(Dataset entries)
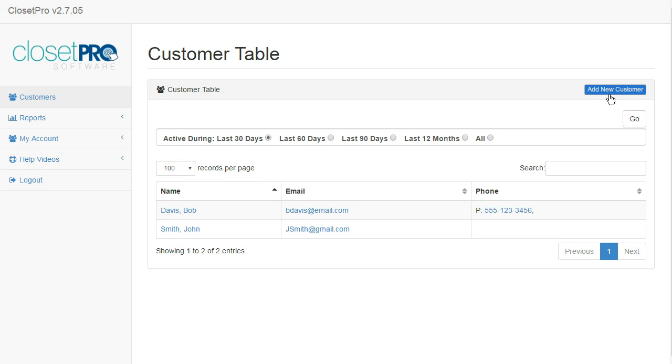I can go ahead and add a new customer by clicking the add new customer button. You do need to have a customer in order to create a design, so we typically recommend before you go to visit your customer, you go ahead and create their information, and then you'll be able to work inside that customer.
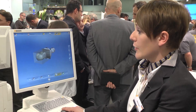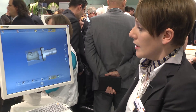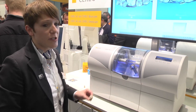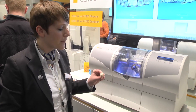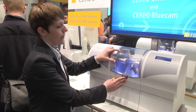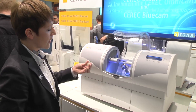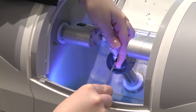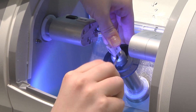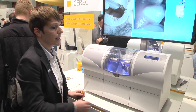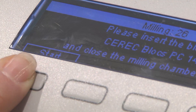We calculate the mill preview and can see the polychrome block with the crown positioned inside it. To start the milling process, we first insert the CEREC block — in this case the CEREC block PC, the polychrome one. I open the door, insert the block, secure it with the screwdriver, close the door, and start the milling process.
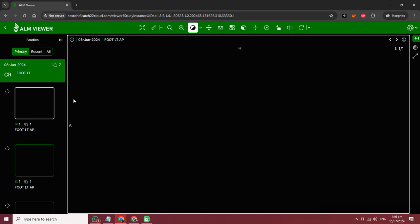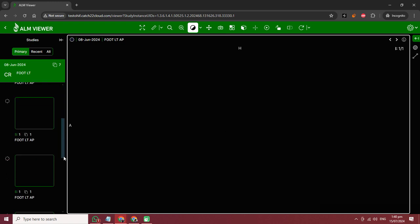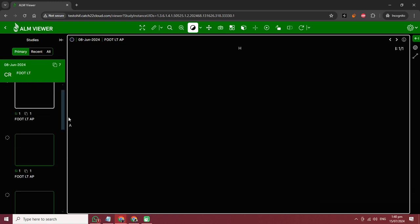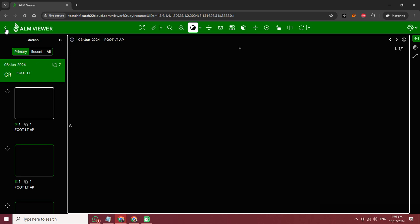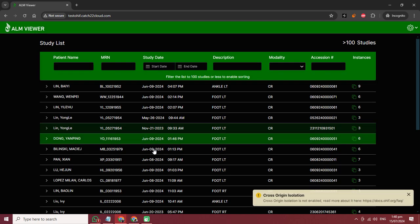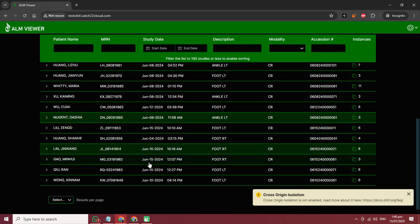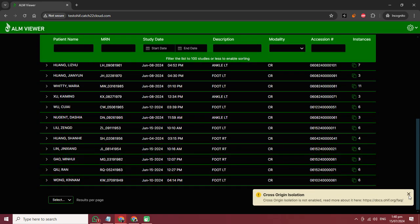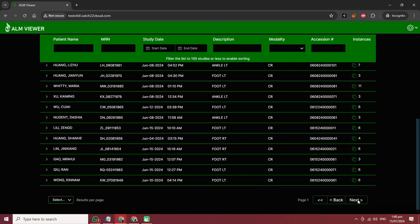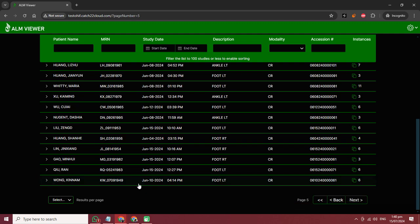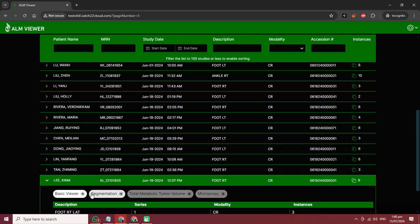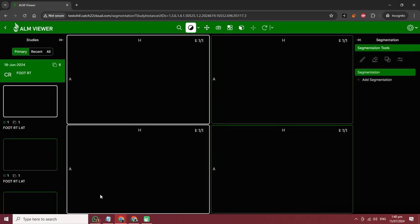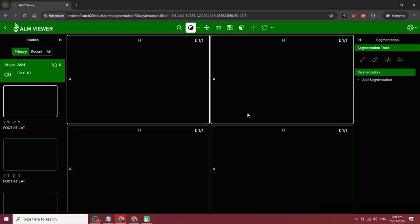My internet is slow, that's why it is taking time to load. See this - multiple studies. Next, next, next... okay, we will try any other segmentation. See this.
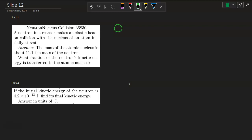We have a neutron which has mass m traveling with some initial velocity. It will encounter a nucleus that has 11.1 times the mass of the neutron — 11.1m. This is the setup before the collision, and after the collision.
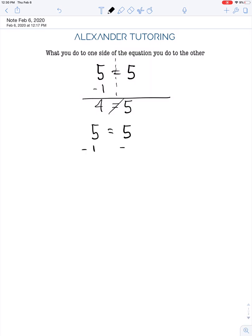Now subtract 1 from both sides and draw the line. The equal sign comes straight down. 5 minus 1 is 4 on the left, and 5 minus 1 is 4 on the right. You can see we get a true statement. No matter what we do to one side, as long as we do the exact same thing to the other side, the equation must be true going forward.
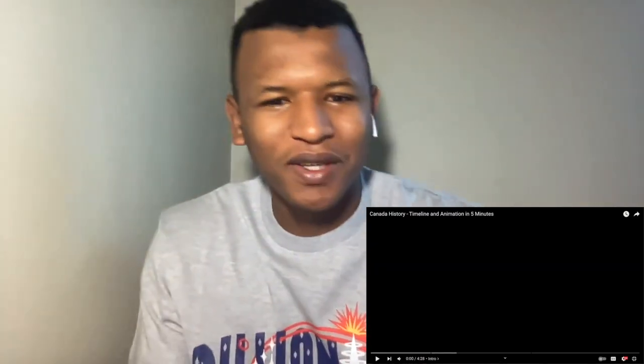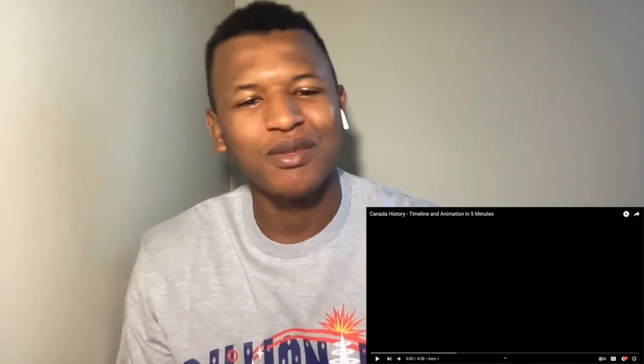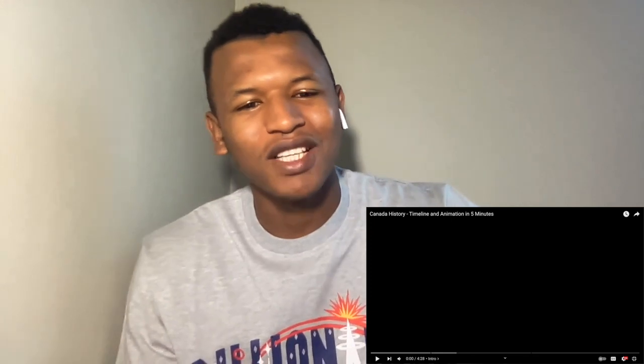Hello guys, welcome back to my channel. Today we are going to be reacting to Canada's history timeline and animation in five minutes. Before we start, don't forget to leave a like if you enjoy the content, comment on what you want to see next, and subscribe to the channel for more content.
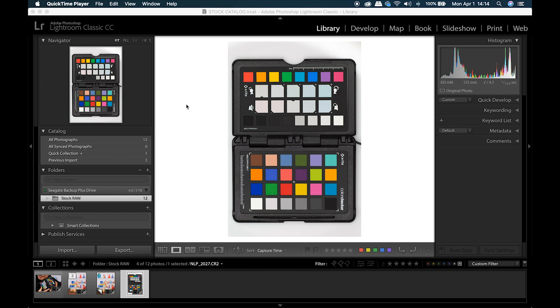First thing is to take a photo in your lighting conditions that includes the ColorChecker Passport. They recommend photographing it this way with the Creative Enhancement side on top and the classic targets on the bottom, as I have in this example, but it doesn't seem to matter how it's held.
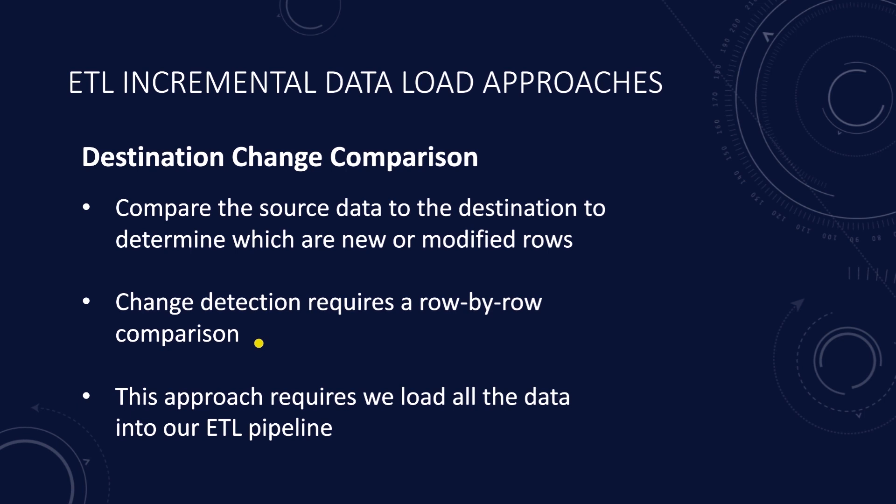This is less performant than the source change detection. For this approach, we load all the data into the ETL pipeline for comparison. We will implement the destination change comparison next.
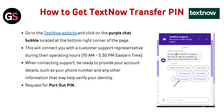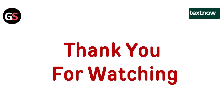Their operating hours are from 10 AM to 5:30 PM Eastern Time. When contacting support, be ready to provide your account details such as your phone number and any other information that may help verify your identity. Then request your port-out PIN.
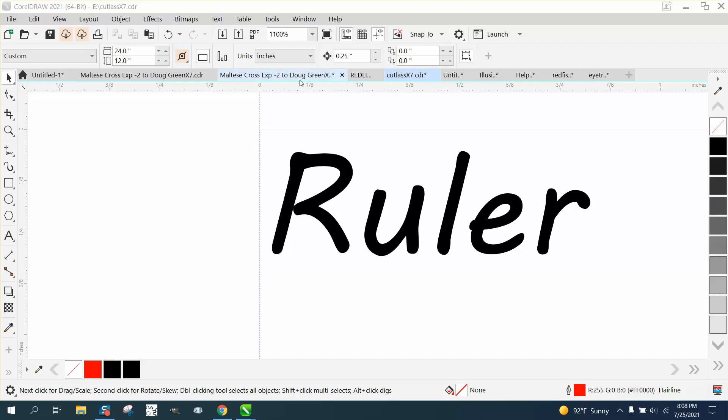In the second video, if you didn't watch it, we've made the rulers a lot larger, but we also made everything else a lot larger, which I kind of like. But we've lost these two tools because they're off the page.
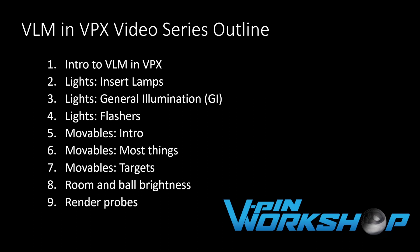Welcome to the VLM in VPX video series. VPX is Visual Pinball 10, and VLM is the VPX Light Mapper, also known as Blender Toolkit.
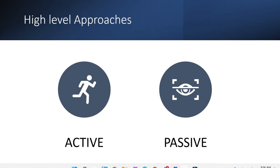Active-passive means there are two setups: one primary and one secondary, but both are not live at the same time. Only the primary is functioning. When the primary goes down, there is some time taken to bring up the secondary, because the secondary is in a passive state. How we decide between active and passive is based on the criticality of the application and how much downtime we can live with.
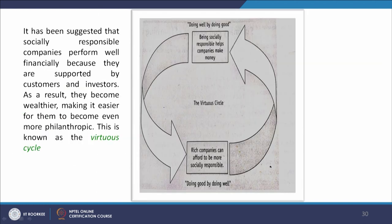Looking at this diagram, it has been suggested that socially responsible companies perform well financially because they are supported by customers and investors. When a company engages in socially responsible behaviors, they attract more customers and investors, get more money from external sources, invest more in production, generate more money, and use that money for society. As a result, they become wealthier, making it easier to become even more philanthropic. This is known as the virtuous cycle, where both the organization and society are at advantage, as they are complementary and responsible to take care of each other ethically.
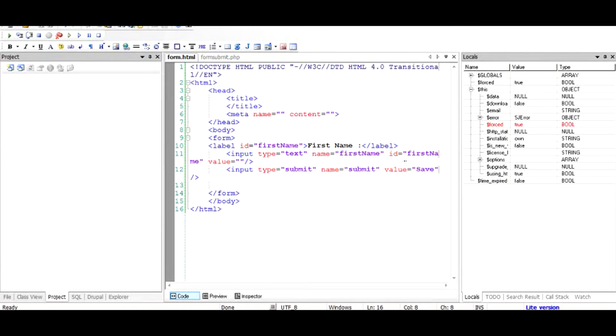Hi there, in this video I'm going to talk about how to submit a form to a PHP file. Basically, if you have a form which looks like this, for example it has a first name field and a save button, when you hit the save button it will not do anything. It will just stay there or call the same URL and pass it on with some parameters.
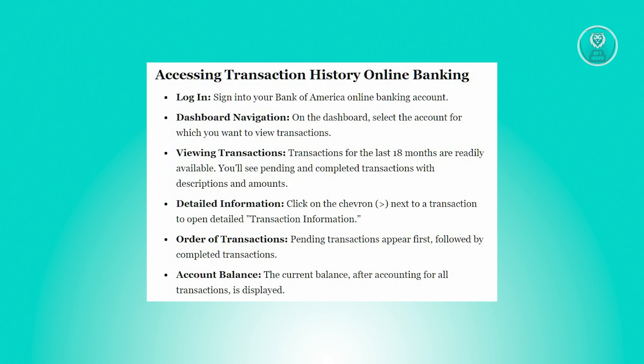What we need to do first is access or sign in to your Bank of America online banking account. From there, you need to navigate yourself to the dashboard.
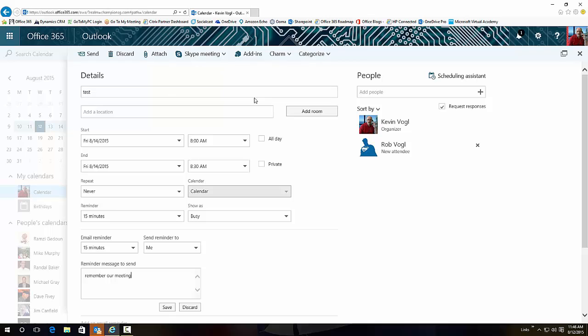All you do is hit Save and you're ready to go.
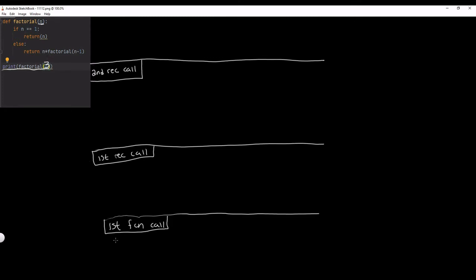So for our first function call, n is going to be equal to 3. And it checks: is 3 equal to 1? It's not. So it goes down into our second condition, our else condition. And it returns n times factorial of n minus 1. Well, n is 3, so we can write that n times the factorial of n minus 1 is just a recursive function call. So factorial of n minus 1 is 3 minus 1, which is 2. So this is our first recursive call — factorial of 2.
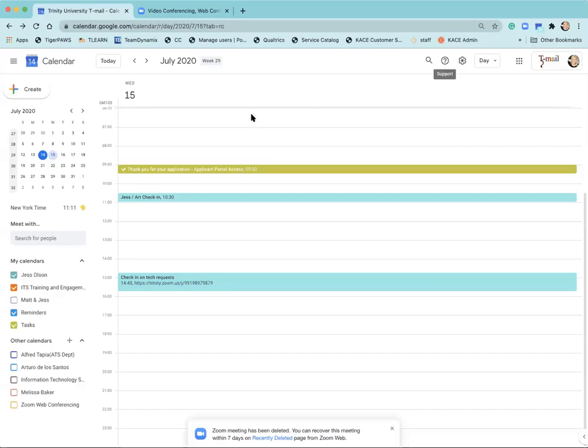Today I'm going to show you how to create appointment slots with Zoom information in it. There's two different ways that this will work depending upon how you have your calendar set up.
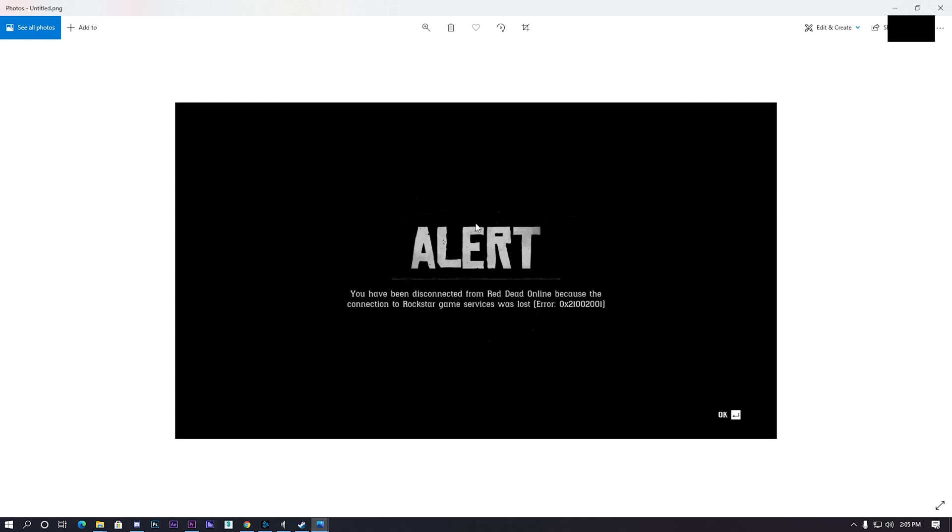Today guys I'm gonna show you how to fix the crash on the server and Red Dead Online. You have been disconnected from Red Dead Online because of the connection to Rockstar game services was lost, error 0x210.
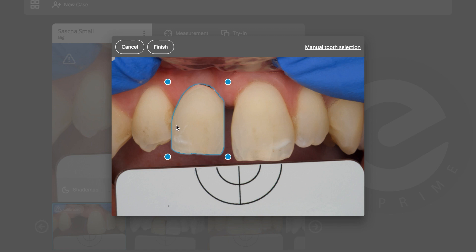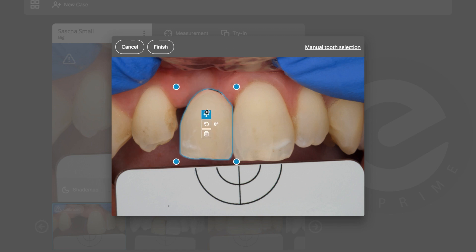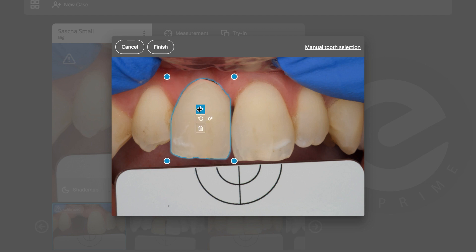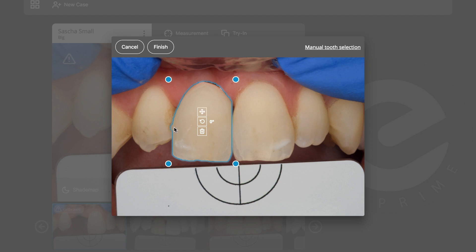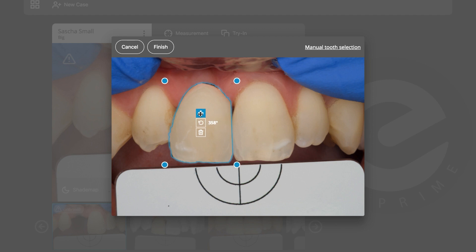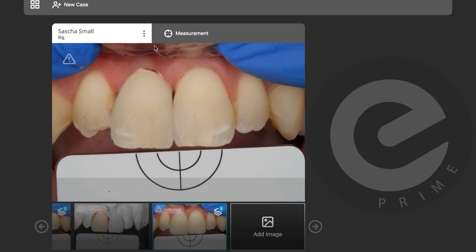I'll do the try-in — take the tooth, make it slightly bigger, position it — it looks like it needs to be a little bit wider. A small rotation this way. Okay, Finish. This is the final digital try-in.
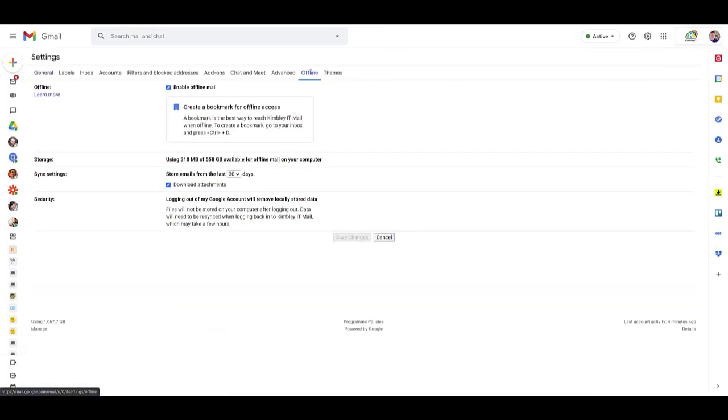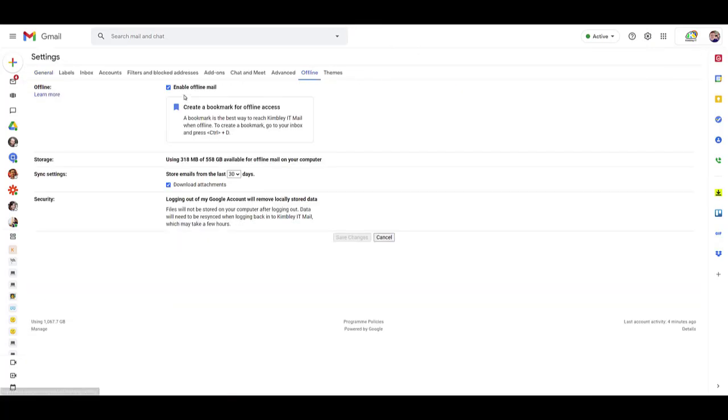Next, go to the offline tab and check the box next to enable offline mail. Once you've done this, you'll be able to configure some settings. For example, you can pick how many days worth of emails you want available when you're offline. By default it's 30, but you can change it to 7 or up to 90 days.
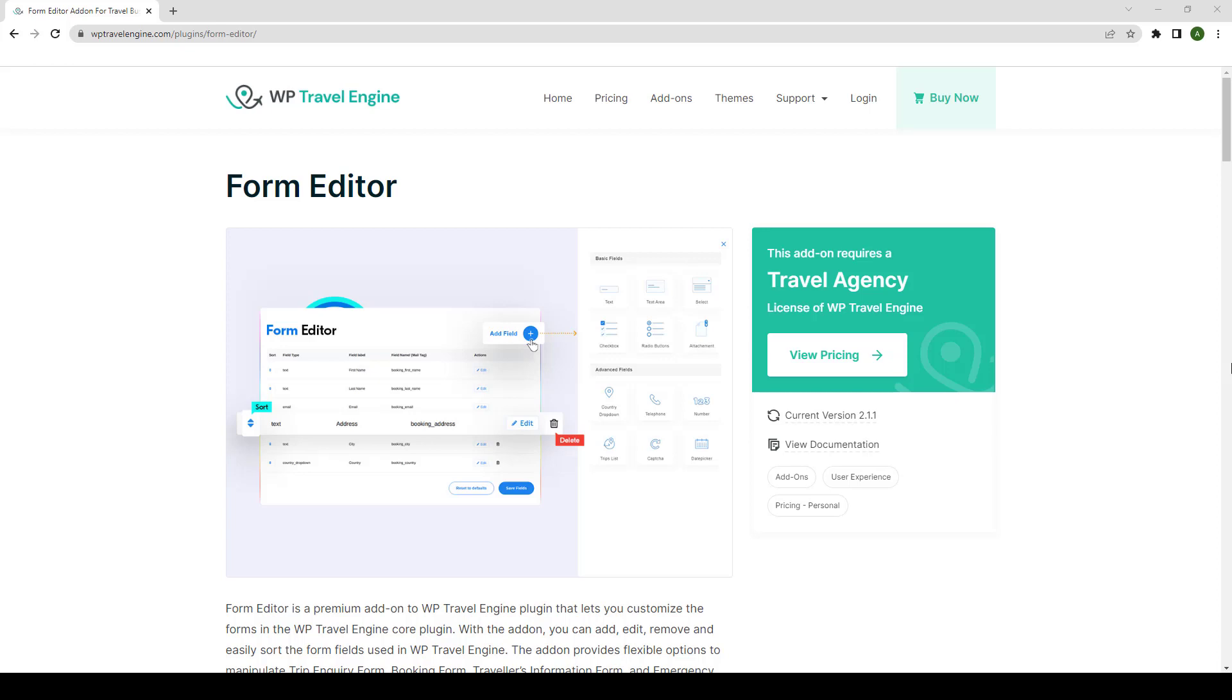In this video, I will walk you through the entire installation and setup process of the Form Editor add-on. I will also show you how to use this add-on on your travel website.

• Task goal: With the pictures omitted, print the lines above exactly, beginning at the line with "My internet is" and going on through the line with "We have a neutron".

• Result of this exercise:
My internet is slow, that's why it is taking time to load. See this - multiple studies. Next, next, next... okay, we will try any other segmentation. See this.
We have a neutron which has mass m traveling with some initial velocity. It will encounter a nucleus that has 11.1 times the mass of the neutron — 11.1m. This is the setup before the collision, and after the collision.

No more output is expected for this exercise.